Failed energy supplier Bulb entered Special Administration in November 2021 amid the energy crisis and, in order to stabilise the energy supplier, the UK government invested £3.02 billion of taxpayer funds to ensure its 1.5 million customers remained insulated.
However, with Octopus Energy having successfully acquired Bulb in December 2022, the PAC has estimated that £2.96 billion of taxpayer funds could be recovered from Octopus, but this would incur a shortfall of £246 million to be borne by billpayers.
An additional burden for many households already preparing for yet another harsh winter period, with energy prices set to increase yet again.
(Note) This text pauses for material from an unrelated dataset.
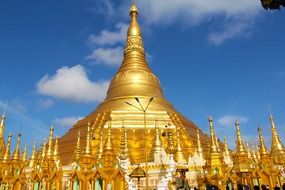 Golden Temple in Yangon in Myanmar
But the costs to billpayers does not end here. PAC added that the £246 million shortfall is in addition to the estimated £2.7 billion incurred for the other energy suppliers that collapsed before Bulb.
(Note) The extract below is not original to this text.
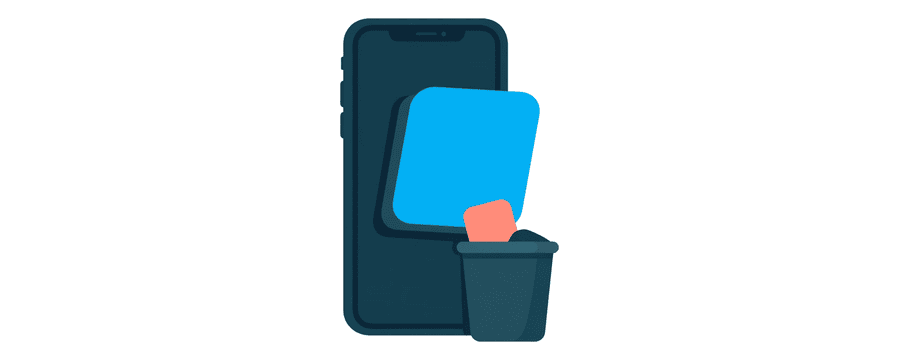 Illustration: eine App-Kachel, die vom Bildschirm eines Smartphones abgehoben und in einen kleinen Papierkorb geworfen wird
It is worth noting that the recovery of funding is also dependent on the continued commercial success of Octopus Energy and could be deferred to September 2025 if wholesale energy market conditions worsen.
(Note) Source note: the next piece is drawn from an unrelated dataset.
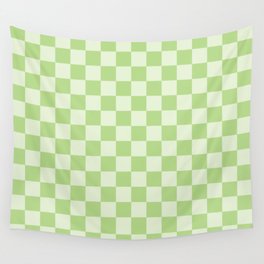 Checkerboard Mini Check Pattern in Pastel Light Lime Green Wall Tapestry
The PAC has also called for details of the final cost to the taxpayer, including how much has been repaid by Octopus and any shortfall that government plans to recover from consumers.
PAC calls out Ofgem’s ‘low bar’ approach in licencing
Another aspect considered by PAC is the “low bar” approach taken by energy regulator Ofgem in licensing energy suppliers. The Committee highlighted that between 2010 and May 2022, at least 73 new energy suppliers entered the market whilst at least 65 suppliers exited the market over the same period.
PAC stated that “Ofgem’s failure to ensure suppliers’ financial resilience resulted in costs to the public when companies failed” and that the energy regulator and government should work to ensure that only suppliers with the necessary financial resilience to survive challenging market conditions are granted licences at the same time as promoting healthy competition in the energy market.
Meg Hillier MP, chair of the Public Accounts Committee, said: “Our report is a sobering reminder that we are still living with the fallout of the failure of so many energy suppliers in 2021-22.
“While the government and regulators did the right thing in moving swiftly to protect consumers, the uncomfortable truth remains that the recovery of that investment hangs on the commercial success of one company. The public can ill afford such uncertainty, particularly in challenging economic times.
“It is now increasingly urgent that those who have yet to access government support are helped to do so. The wider question now for Ofgem and government is how to strike the right balance between resilience and competition in the energy market.”
Hillier added: “The ‘low bar’ approach to licensing new suppliers in the hope that competition and innovation would follow resulted in a market built on sand. This underlying fragility must now be firmly consigned to the past to ensure consumers are protected in the future.”